Assignment: Exactly as they appear below, repeat the lines from the one with "For 2025-26 BMW" through the one with "66.9-Inch Tall Arched". Drop every picture.

Data shown:
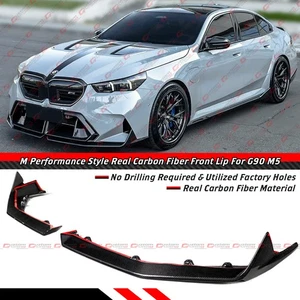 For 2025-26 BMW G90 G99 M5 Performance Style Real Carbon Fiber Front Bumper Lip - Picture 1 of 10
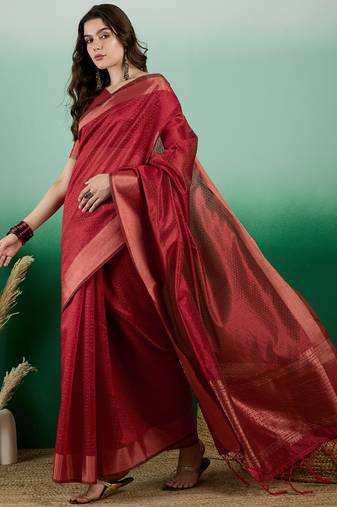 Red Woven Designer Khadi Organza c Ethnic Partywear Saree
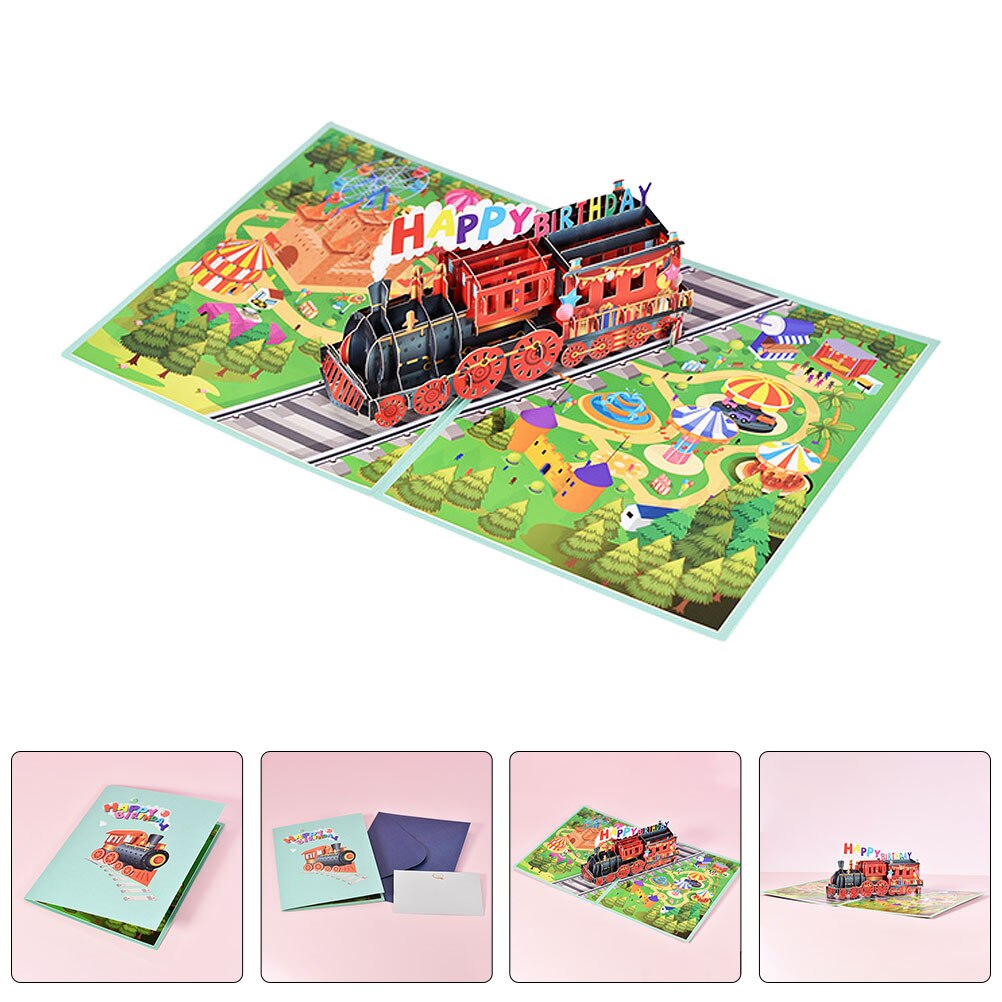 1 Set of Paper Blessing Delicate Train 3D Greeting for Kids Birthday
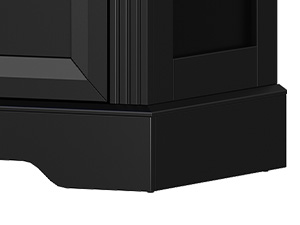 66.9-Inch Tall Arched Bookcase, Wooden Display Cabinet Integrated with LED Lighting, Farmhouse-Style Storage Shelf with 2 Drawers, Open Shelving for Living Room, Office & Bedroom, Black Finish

---

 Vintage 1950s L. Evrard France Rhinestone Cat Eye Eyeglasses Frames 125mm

Written reply:
 For 2025-26 BMW G90 G99 M5 Performance Style Real Carbon Fiber Front Bumper Lip - Picture 1 of 10
 Red Woven Designer Khadi Organza c Ethnic Partywear Saree
 1 Set of Paper Blessing Delicate Train 3D Greeting for Kids Birthday
 66.9-Inch Tall Arched Bookcase, Wooden Display Cabinet Integrated with LED Lighting, Farmhouse-Style Storage Shelf with 2 Drawers, Open Shelving for Living Room, Office & Bedroom, Black Finish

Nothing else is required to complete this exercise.